Registration forms can be downloaded at EUC website. For more information: http://www.episcopalurbancaucus.org/
Local Contacts – Pittsburgh EUC Coordinators with Pgh EUC Working Group: Carol Gonzalez: 412-322-2189 and The Rev. Nate Rugh: 412-661-0120
Workshops (Friday, February 25 – 10:00 am & 2:00 pm):
Unpeeling the Layers of Privilege; From Service to Solidarity–Creating Communities of Inclusion; Feed My Sheep–Youth at Risk; Community Investing in 2011; Healing Dialogue to Communal Action: Interfaith Bridges in Pittsburgh; Creating Cultures of Peace: MAPping a Movement; Eco Justice & Creation Care; Churches & Ethical Practices Regarding Labor.

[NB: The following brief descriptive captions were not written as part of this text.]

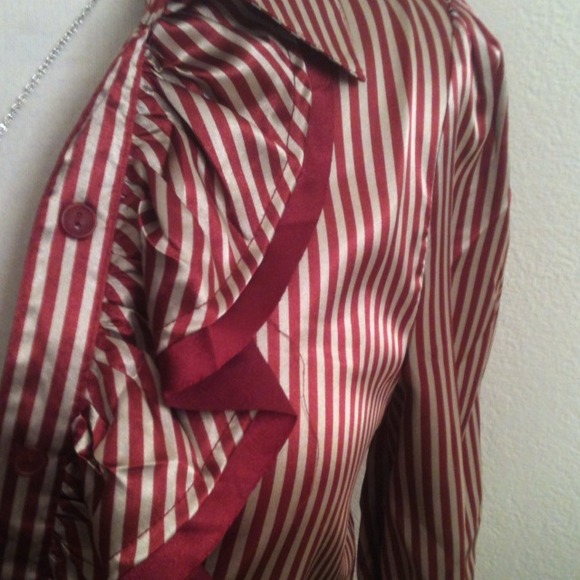 SOLD - Picture 3 of 4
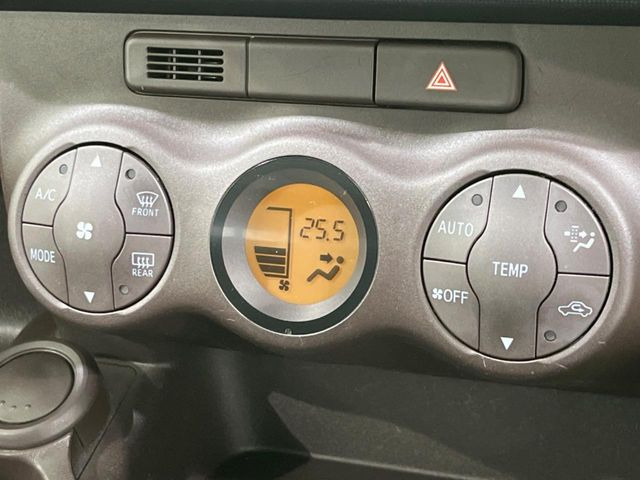 【オートエアコン】一度お好みの温度に設定すれば、車内の温度を検知し風量や温度を自動で調整。暑い&hellip;寒い&hellip;と何度もスイッチ操作をする必要はありません。快適な車内空間には必須の機能ですね♪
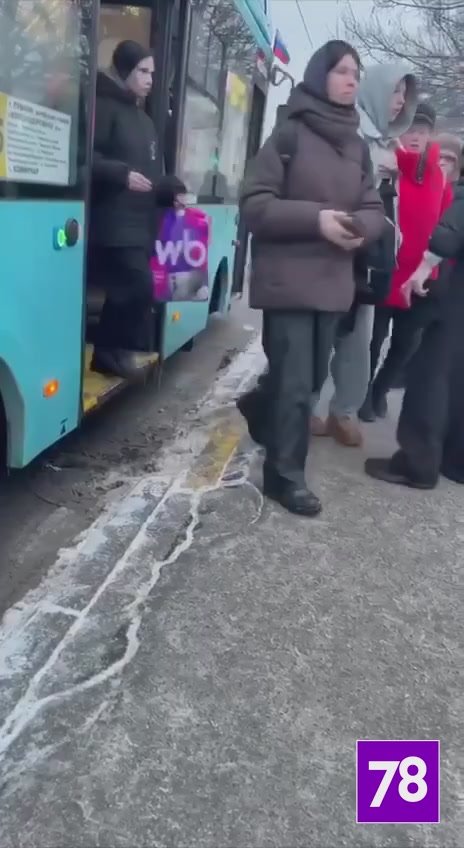 Водитель угрожал подростку ножом в ответ на средний палец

EUC Assembly Keynote Speaker, February 24, 9:30 am
Plenary address: The Art of Leadership
Bill Strickland is founder and CEO of the Manchester Bidwell Corporation, where career and arts training for thousands of children and adults have been developed at the Manchester Craftsmen's Guild and Bidwell Training Center. He was recently named to the President's White House Council for Community Solutions. Strickland joins corporate, non-profit and foundation leaders from across the U.S. in offering solutions to President Obama for more efficiently and effectively addressing problems that urban and rural communities face, from drug-related gun violence to the challenges of economic development and quality education. For more information about his appointment see http://www.post-gazette.com/pg/10350/1111117-84.stm, http://archive.constantcontact.com/fs075/1102573040587/archive/1104262777421.html, and the EUC newsletter for his biography http://episcopalurbancaucus.org/assets/newsletters/2010Fall.pdf
Episcopal Peace Fellowship Luncheon – February 24, 12:00 pm Speaker: Molly Rush
Eucharist service at Trinity Cathedral, Thursday, February 24, 6:30 pm Open to the Public
Guest preacher – The Rev. John Welch
Dean of Students at the Pittsburgh Theological Seminary and Chief Chaplain for the City of Pgh’s Bureau of Police, Pastor Welch has been active in the Pittsburgh community as a member of numerous boards. John is also working on a doctorate in Bioethics. Welch served for the past six years as President of the Pittsburgh Interfaith Impact Network (PIIN) directly engaged in building bridges and empowering congregations as agents of hope for a more just and peaceful world. http://www.post-gazette.com/pg/11025/1120441-53.stm
Site visits (Thursday, February 24):
Neighborhood Academy & East End Cooperative Ministry or Bidwell Training Center & Pittsburgh Project
Final Plenary – (Saturday, February 26 – 9:00 am)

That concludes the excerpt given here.